# Strikemaster ice auger



## getterdone (Jan 29, 2014)

problems with my strikemaster auger TC300. The problem is it starts and dies starts and dies after dozen of pulls I try a new plug, nothing same result so I poured a little gas down the spark plug hole fired it up starts stay ons till the gas burns out. so I figures the Carb pulled it apart cleaned it. put everything back together replace the fuel line and still the same result.
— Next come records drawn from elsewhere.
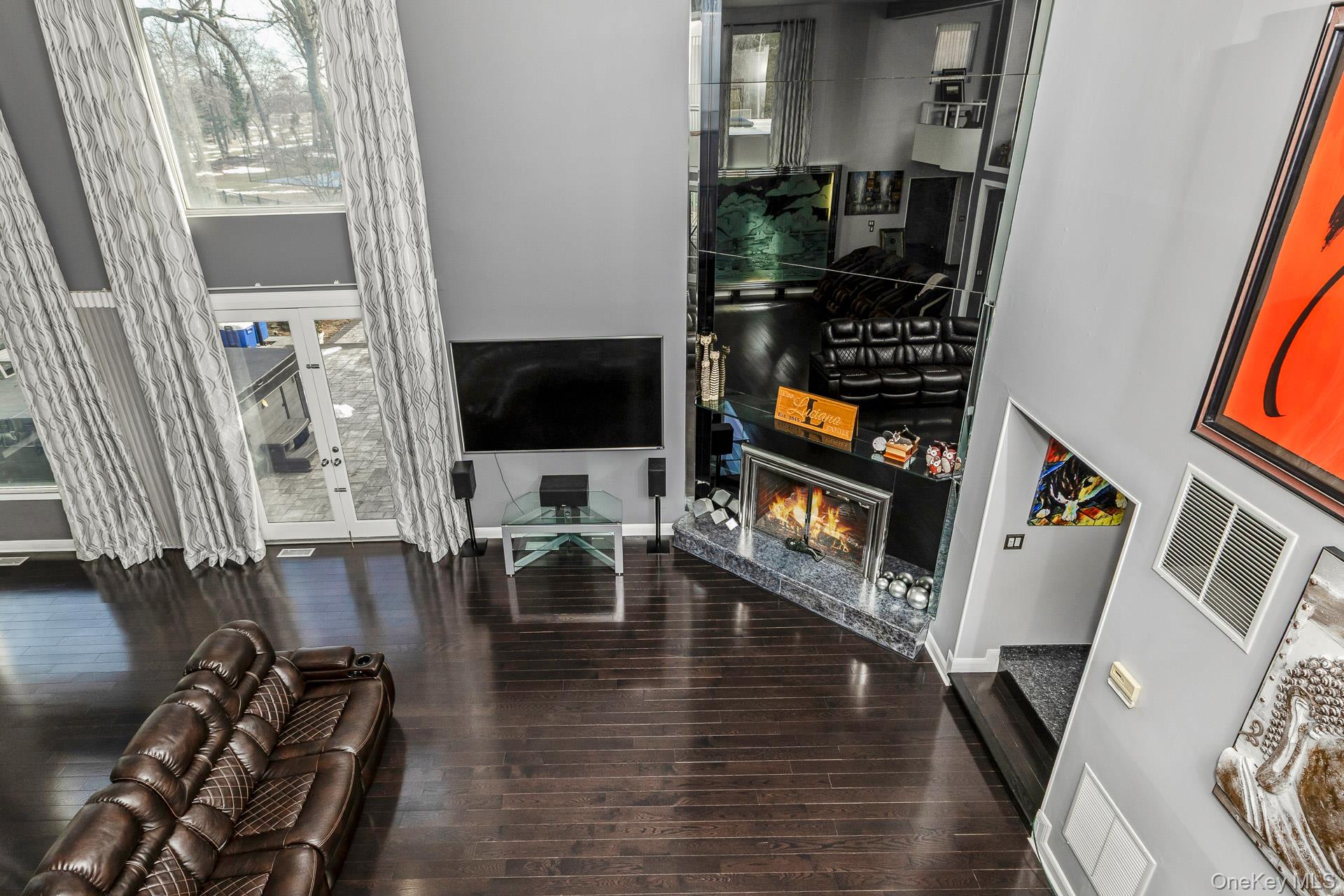 83 Cliff Road, Port Jefferson, NY 11777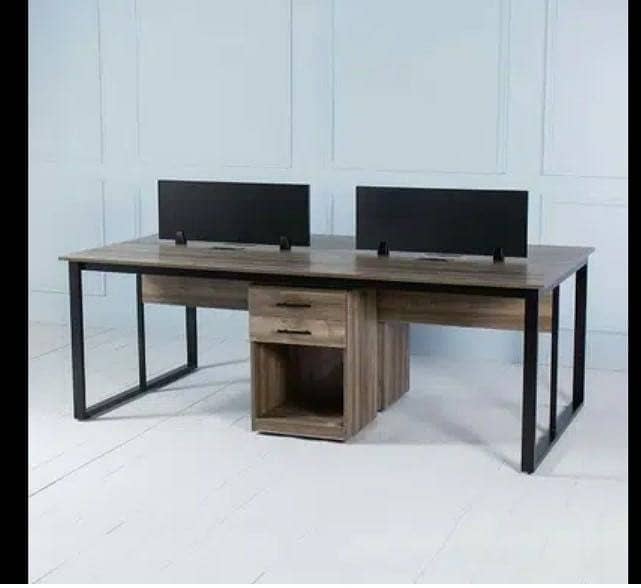 Workstation table 18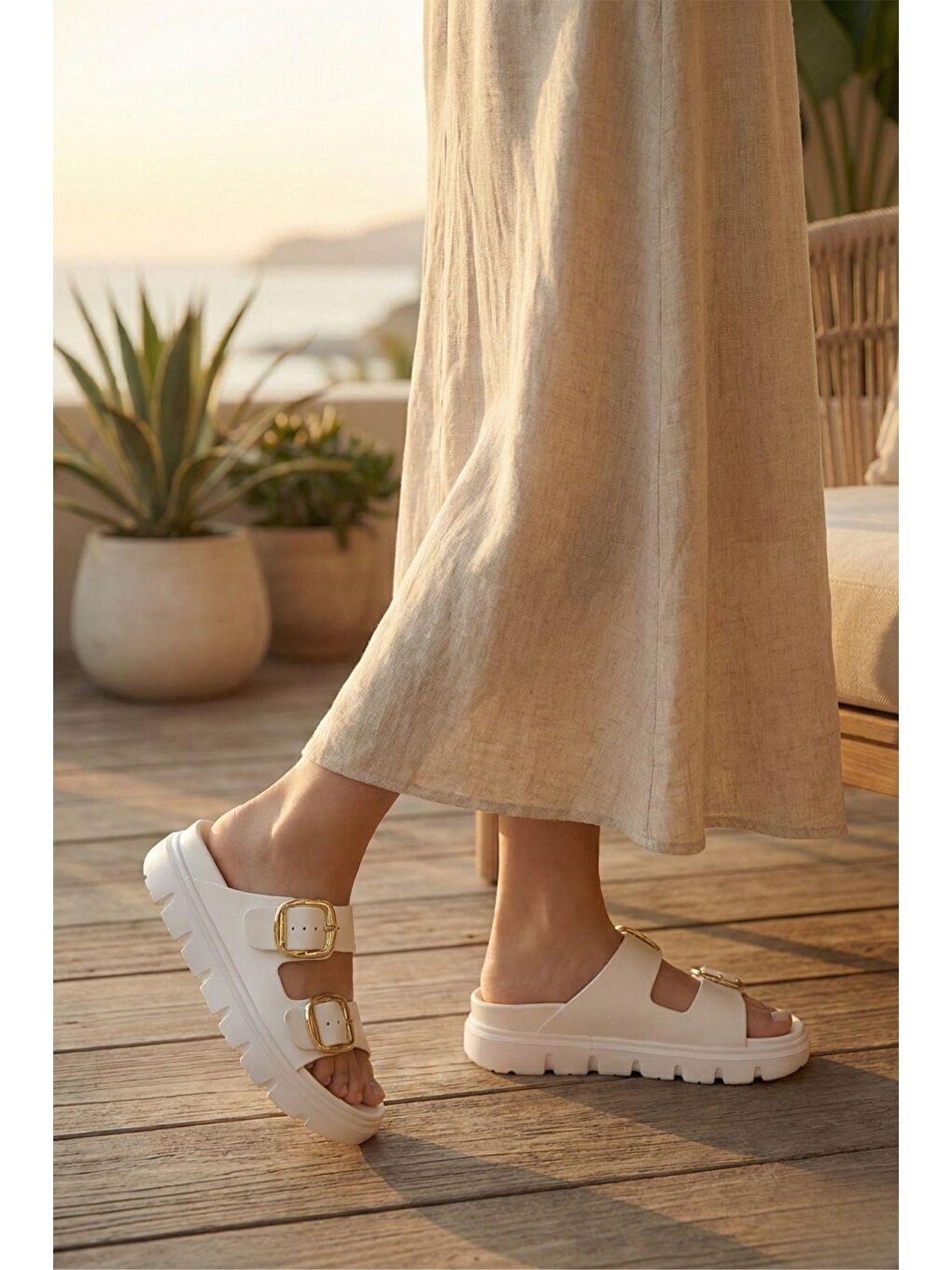 Beyaz Lovi Z022 Gold Toka Detaylı Platform Tabanlı Anatomik Kadın Terlik-1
Can it be that the carb needs to be rebuild. also on the carb is the butter fly suppose to be closed all the way when throttles is off or open just a little for air ?
and the gaskets called the dust seal gasket i believe is bad there gone on both bottom and top shaft lever


----------



## getterdone (Jan 29, 2014)

By the way the ratio is 25:1 I have 40:1 running in it atm can that be a problem?


----------



## Sir Thomas (Dec 7, 2013)

getterdone said:


> By the way the ratio is 25:1 I have 40:1 running in it atm can that be a problem?


If I'm not badly mistaken, and I'm new to two cycle after working on 4 cycle, 40:1 mean 40 parts fuel to 1 part 2 cycle oil. If you use 25:1 that means you are using 25 parts fuel to 1 part oil. If my math is correct you are using around 1/3 more oil in the fuel than the machine is designed for. Some 2 cycle engines it may not affect but then some it may foul up because the motor is getting more oil in the burn mixture than it's designed for plus what it could do to your carb. Not right away but in the long run.


----------